Wichterman, a former special assistant to George W. Bush who now runs a ministry to congressional staff, established his conservative bona fides by saying that "you’ll have a hard time getting to my right. I’m a Republican because I’m a conservative, and a conservative because I’m a Christian. I believe conservative policies best reflect a Christian worldview.” Wichterman said he had been ready to support any of the other 16 Republican candidates, but is not willing to support Trump. Wichterman said he will vote for third-party candidate Evan McMullin.

Wichterman took on three of the arguments being used to justify evangelical support for Trump: Trump is the lesser of two evils; God uses bad people for good purposes; and Trump is a “good man”—a phrase Pence repeats over and over when talking about Trump.

Wichterman says the lesser of two evils argument is the most compelling. He said he has used it himself over the years, and understands that Trump is more likely to nominate conservative judges. But that’s not enough, he said, because Trump may actually be “a threat to our democratic republic”:

I care about the Supreme Court because I care deeply about the government handed down to us by the founders…Trump, on the other hand, has too often demonstrated contempt for the rule of law. He has sounded more like a strongman impatient with constitutional constraints. He advocates death to the innocent family members of terrorists…He advocates torture, not as a means of extracting important intelligence, but as a means of retribution. He said he would do a hell of a lot more than waterboarding.

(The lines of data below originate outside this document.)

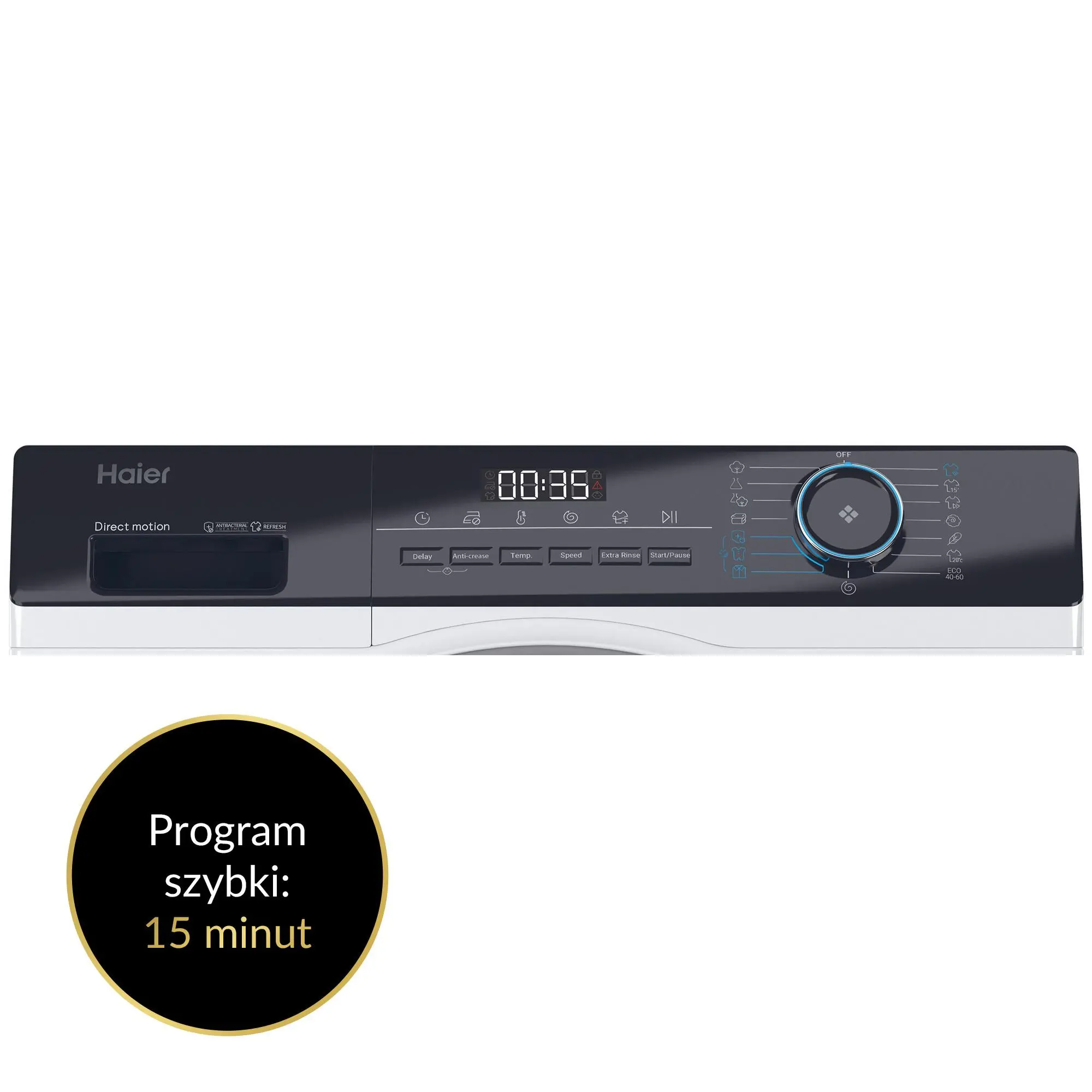 Pralka Haier I-Pro 3 HW70-B12929-S Slim 7kg 1200obr/min
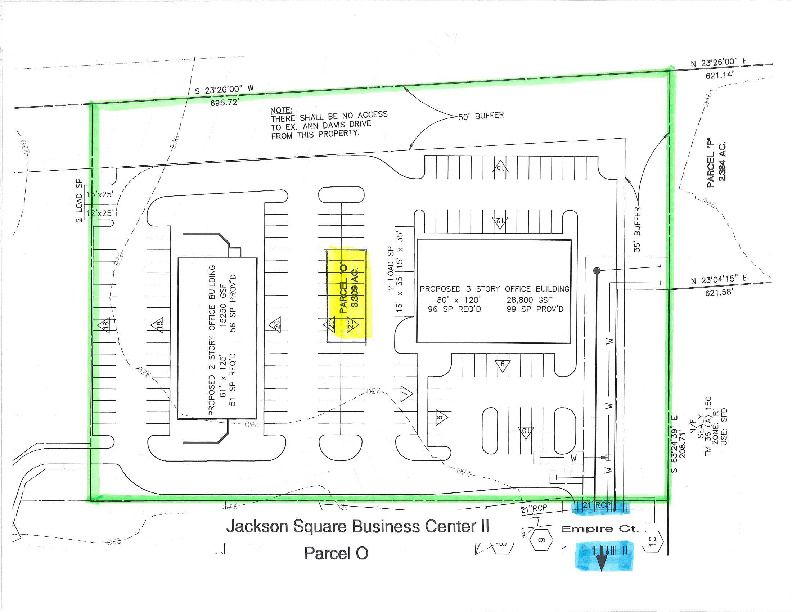Preliminary Site Plan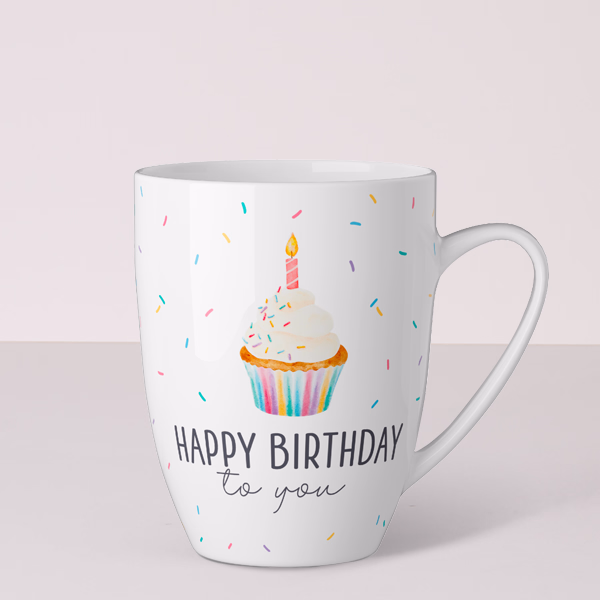 Tasse „Happy Birthday to you“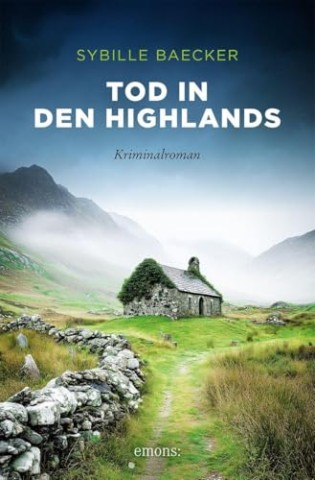 Cover: Baecker, Sybille - Tod in den Highlands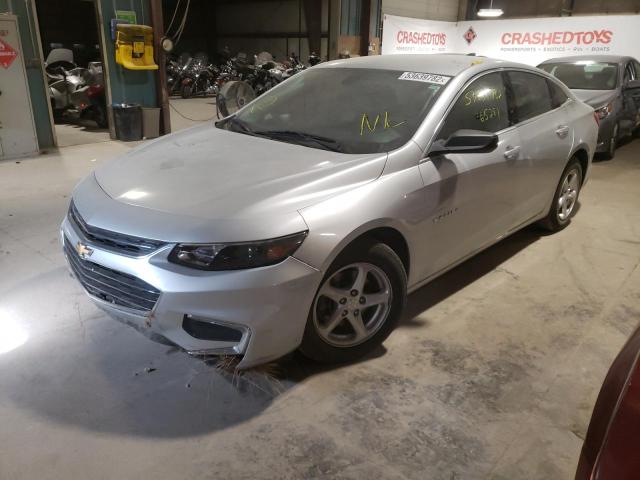 Photo 2 from auction – 2016 CHEVROLET MALIBU LS with VIN 1G1ZB5ST8GF189387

Wichterman slammed Trump for praising dictators like Vladimir Putin – who is a strong leader in the same way arsenic is a strong drink – and the Chinese officials who Trump says showed “strength” by slaughtering peaceful protesters in Tiananmen Square. He cited examples of Trump encouraging violence against protesters. “Trump admires strength whatever form it takes,” he said, which is “inimical to the Gospel.”

Wichterman challenged people who say they won’t vote for Clinton because they believe she’s a liar, but will vote for Trump hoping that he’s been lying and doesn’t really mean what he says. Trump, he said, corrupts his supporters and corrupts “what it means to be a Republican.”

Regarding the argument that God uses bad people for good purposes, Wichterman said that doesn’t mean Christians are called to do bad so that good may result. “I’ve heard some evangelical leaders say we need a bad man to stand up to the bullying of the left…It’s almost as if we’re hiring a hitman to play dirty for the sake of good government,” which is an idea, he said, that “has nothing to do with our faith.”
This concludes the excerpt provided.